CFP: 2011 Midwest Interdisciplinary Graduate Conference, "Ambivalence"
The sixth annual Midwest Interdisciplinary Graduate Conference at the University of Wisconsin-Milwaukee seeks submissions for "Ambivalence," a graduate student conference to be held February 25-26, 2011, in conjunction with the Center for 21st Century Studies and its research theme for 2009-2011: "Figuring Place and Time."
This year's conference theme calls upon scholars to interpret and consider variously the notion of "ambivalence." Derived from the Latin prefix ambi meaning "both" and valentia, meaning "vigor" or "strength," ambivalence is figured as a strong pull in two opposing directions.
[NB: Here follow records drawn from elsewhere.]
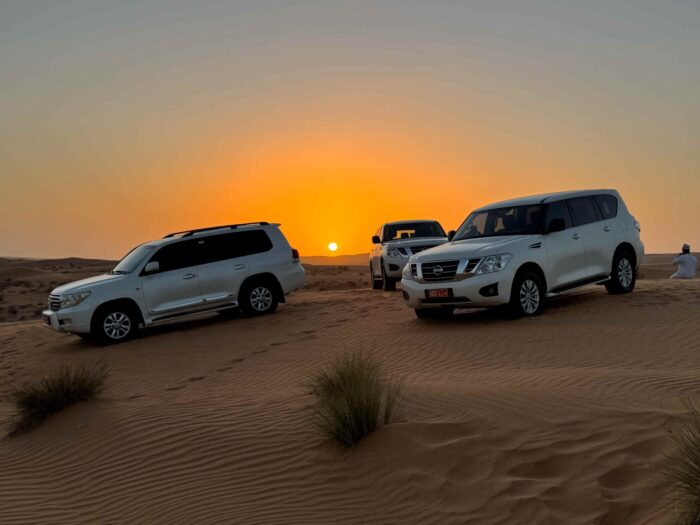 Omán - v poušti při západu slunce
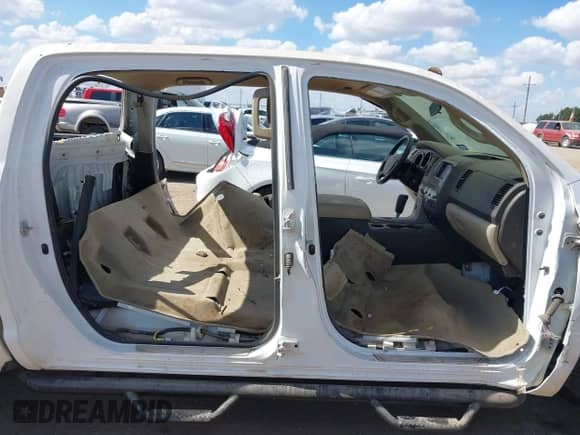 2010 Toyota Tundra с VIN 5TFDW5F17AX129858, выставлен на аукционе IAAI как лот 43426466 с пробегом Не указан миль и . История ставок и продаж доступна на DreamBid. Изображение 13.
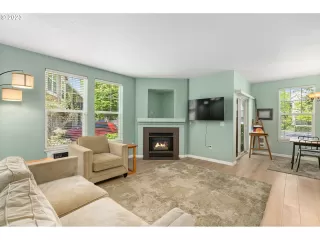 Photo #6: 23407522 Listing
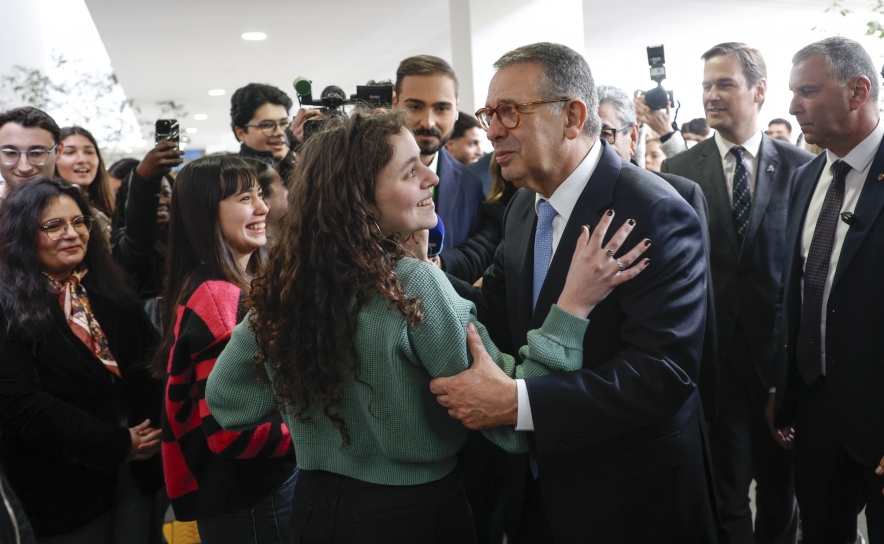 Seguro quer «coligação» com os jovens portugueses e promete recolher contributos
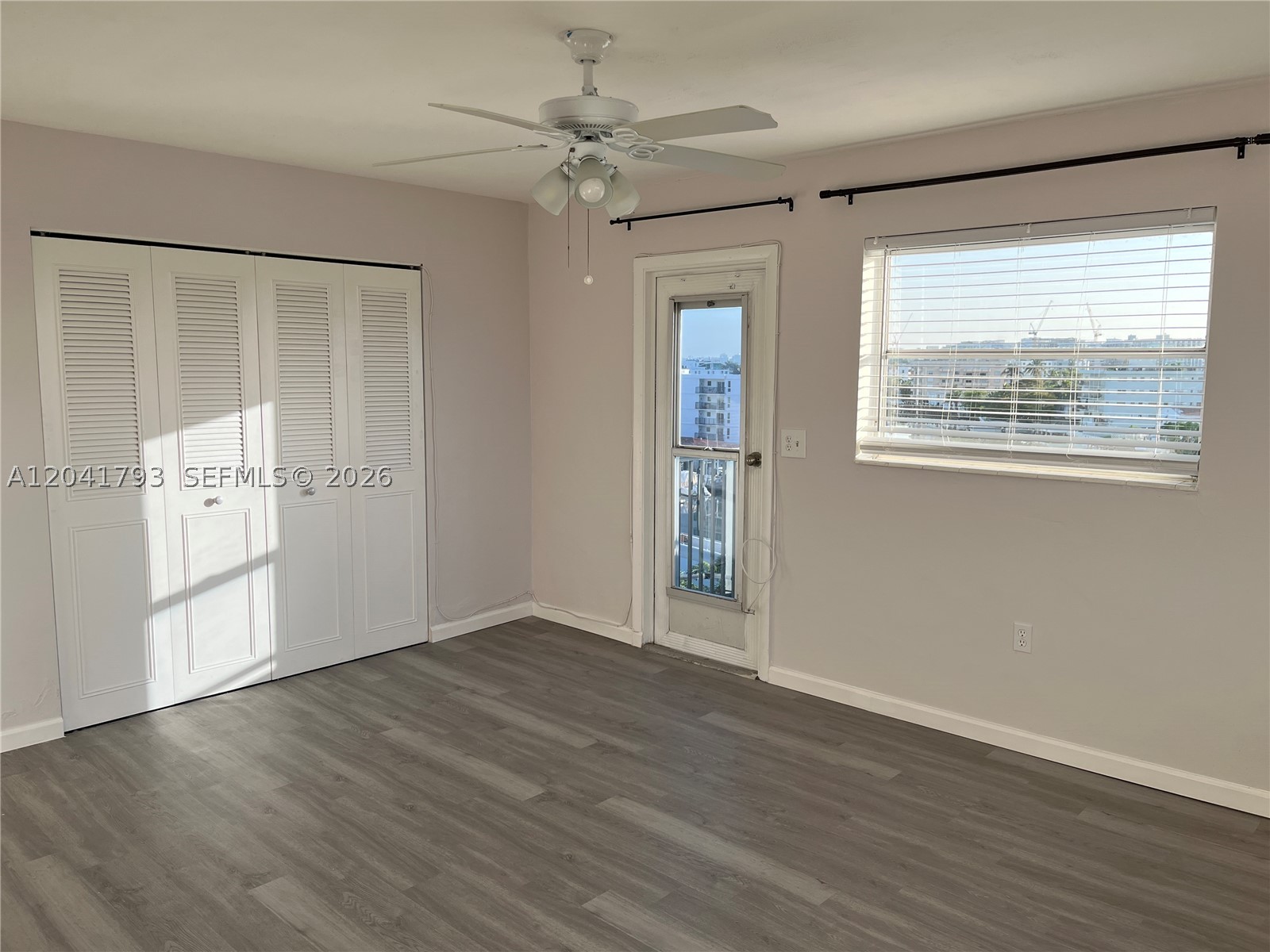 CREEK TOWERS & YACHT CLUB - Residential Lease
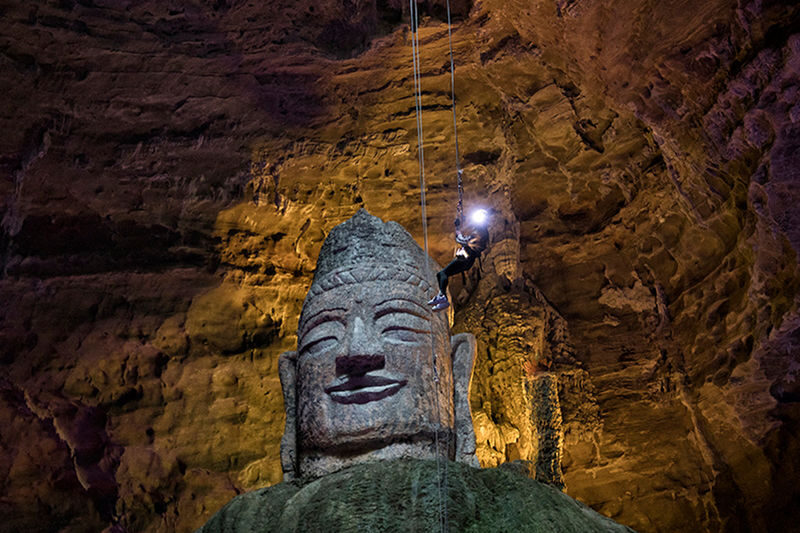 Chongqing Tianyan Cave Rock Descent/Via Ferrata - A cave descent with a very different photo backdrop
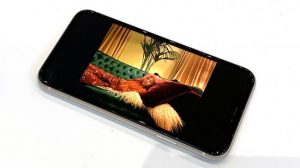 iphone 11 design 300x168 - Mains sur: iPhone 11 avis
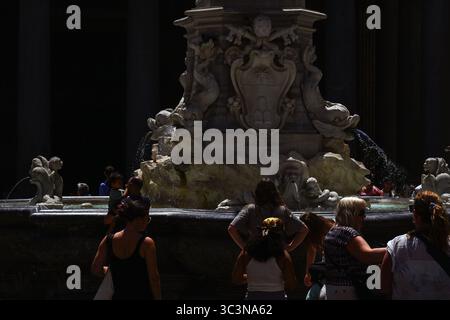 Rome, Italie. 26 juillet 2025. **NO LIBRI** Italie, Rome, 2025/7/26.touristes sur la Piazza del Panteon à Rome photographie par ALESSIA GIULIANI /Catholic Press photo Credit : Independent photo Agency/Alamy Live News Banque D'Images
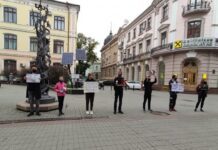 «Каждое животное заслуживает жизни»: во Франковске люди протестуют против жестокого обращения с животными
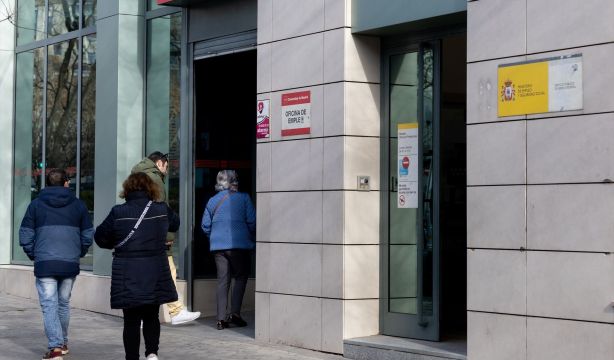 Los parados que cobren ayudas por error no tendrán que devolverlas si son inferiores a esta cantidad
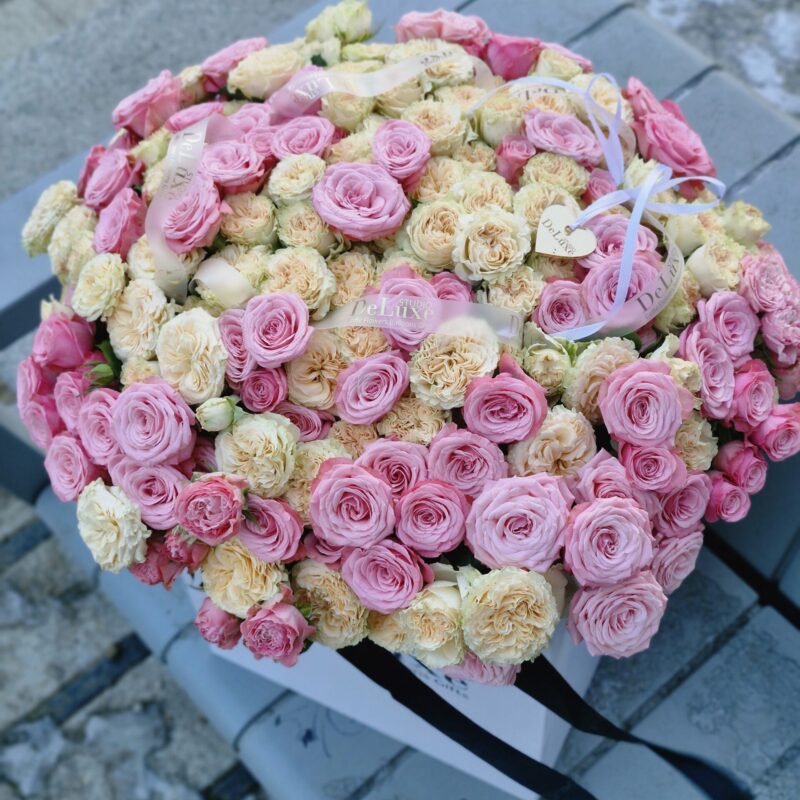 Mix róż gałązkowych 51 szt z torebką | Studio Deluxe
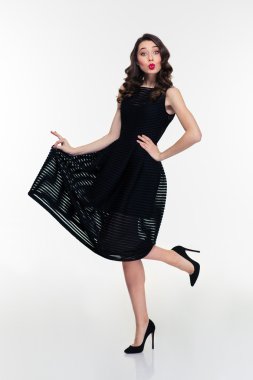 Retro tarzı komik olumlu genç ve güzel kadın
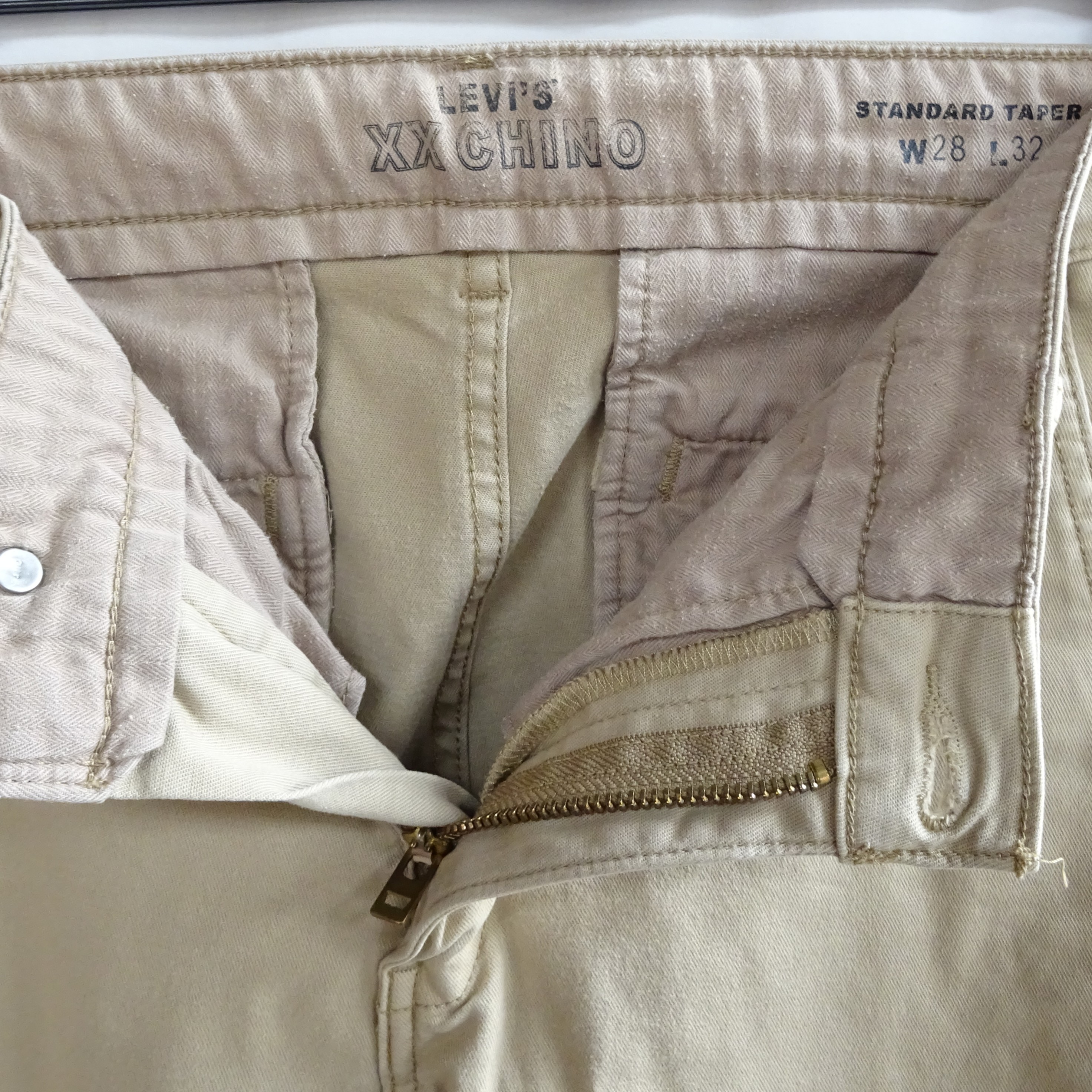 Pantalon XX Chino Standard Taper, Taille W28 L32 Bon état - Vue 4 - 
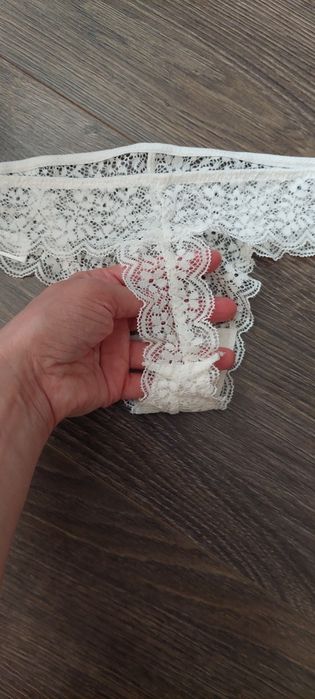Majtki figi damskie z koronki kremowe Primark XS nowe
Coined by the Swiss psychiatrist Eugen Bleuler in 1911, the term initially designated one of the primary symptoms of schizophrenia. Taken up in Freudian psychoanalysis, ambivalence indicated continual fluctuation between wanting one thing and its opposite. More recently, ambivalence has been deployed to convey "uncertainty as to which approach to follow" and broadly theorized across disciplines by scholars such as Judith Butler, Zygmunt Bauman and Homi Bhabha.
We are interested in interrogating ambivalence through theoretical, historico-cultural and political lenses. However, we also wish to engage the concept of "ambivalence" as a performative state, identity, position, or strategy. Can one choose to be ambivalent? What is the relationship between ambivalence and open-mindedness? Is it possible to be both politically active and ambivalent?
We aim to engage in a multi-day, interdisciplinary exploration of persistent tensions and ramifications within the concept of ambivalence as well as in its obverse—certainty, decisiveness, and security.
Submissions that explore "Ambivalence" from a diverse range of fields and disciplines are encouraged. Possible topics include, but are not limited to:
Definitions and representations of ambivalence across disciplines
Disciplinary/institutional ambivalence regarding the structure of the public, democratic university
Psychoanalytic constructions of ambivalence
Interdisciplinarity as a form of ambivalence
Ambivalence as elaborated by and used as a critique of queer or trans scholarship
Ambivalence and modernity
The role of ambivalence in activism, political behavior or public opinion
Ambivalence as a position, process, role, affect, an intellectual state
Navigating "ethical ambivalence"
Quantifying ambivalent behavior in scientific studies
Theories of ambivalence as represented as that which is "strange" or unfamiliar in society
The experience of simultaneous emotions (ie promise and disillusionment, hope and despair)
Please submit a 250 word abstract, with title, for a 15-20 minute presentation as an MS Word file attachment (.doc or .docx) to: grad-conference@uwm.edu. Panel proposals for 75 minute sessions will also be considered (comprised of three presentations); please submit an abstract for each presenter and indicate that you are proposing a panel. Deadline for Submissions: December 1, 2010.